### Directions
When the line containing "Goodies Womens Black" appears in the data below, begin copying there and stop only after the line containing "Custom Name Stickers".
(Available data Opens)
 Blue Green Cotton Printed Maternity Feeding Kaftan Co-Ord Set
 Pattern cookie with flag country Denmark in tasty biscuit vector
(Available data Closes)
(Available data Opens)
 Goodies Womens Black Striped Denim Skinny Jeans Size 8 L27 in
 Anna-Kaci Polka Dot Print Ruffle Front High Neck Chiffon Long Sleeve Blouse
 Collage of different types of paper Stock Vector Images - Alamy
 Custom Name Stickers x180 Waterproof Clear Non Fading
(Available data Closes)
### Finished task
 Goodies Womens Black Striped Denim Skinny Jeans Size 8 L27 in
 Anna-Kaci Polka Dot Print Ruffle Front High Neck Chiffon Long Sleeve Blouse
 Collage of different types of paper Stock Vector Images - Alamy
 Custom Name Stickers x180 Waterproof Clear Non Fading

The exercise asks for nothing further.